BT has spent more than £3.5bn on Champions League and Premier League football rights since 2012 in an attempt to compete with Sky.
For the 2016 to 2019 football seasons, BT agreed to pay £960m to show 42 Premier League games, and Sky agreed to pay £4.17bn to show 126 games.
For the seasons from 2019 to 2021, the number of games shown could rise to 190.
Sky boss Jeremy Darroch said: "This is great news for Sky customers who will be able to access all matches on Sky and BT channels from the Premier League, UEFA Champions League and Europa League directly with a single Sky TV subscription."
The new services will be available to BT and Sky customers from early 2019.
At present, BT customers can get BT TV via a box, an app, or online, and can only get a pared down version of Sky Sports.
Sky customers can get BT Sport at present, but only if they subscribe through BT.
Richard Broughton, research director at media analysts Ampere, called the deal "very unusual" because of the rivalry between the two firms, but said it was a consequence of the rising costs of sports rights.
"The new rights are up for renewal very soon and this is a pre-emptive shot from both companies to limit their exposure to damage should they not get key rights and also allow them to be a little less aggressive in their bidding."
Michael Hewson, an analyst with CMC Markets, said the BT-Sky deal seemed better for BT than Sky, "given that Sky will take BT's sport content while BT gets Sky's sports, cinema and Sky Atlantic channel, and could even gain more access to content further down the road".
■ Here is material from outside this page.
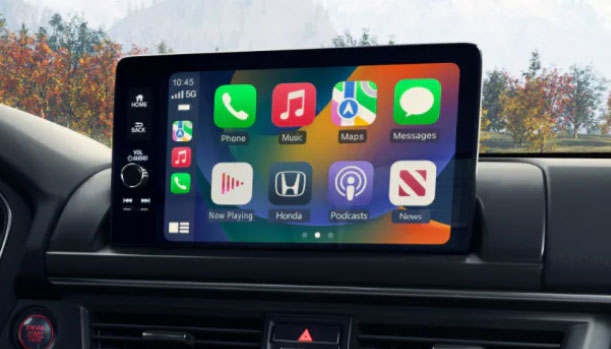 Touchscreen Display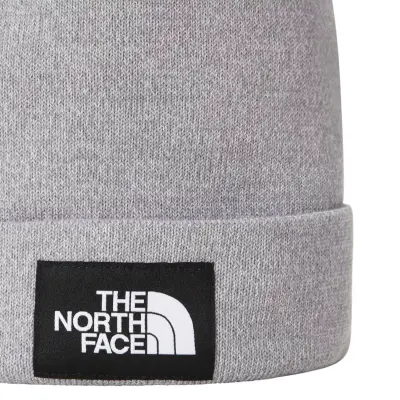 The North Face Nf0A3Fnt Dock Worker Rcyld Beanie Gri Unisex Bere - 2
The big online firms have been part of a seismic shift in how people access content.
On Thursday, Disney announced a deal to buy a large chunk of 21st Century Fox, including its 39% stake in Sky.
Media mogul Rupert Murdoch told Sky News he was selling Fox's entertainment assets in part due to the rise of online giants.
"[Amazon and Netflix] are growth companies... Amazon, I don't know how much they want to do. They are spending $5bn or $6bn I believe on new programmes, but it's basically to widen the appeal of [Amazon] Prime.
"Anyone who joins Prime seems to spend about $3,000 immediately on retail... you know, they are a huge disruptor if you look at what they're doing."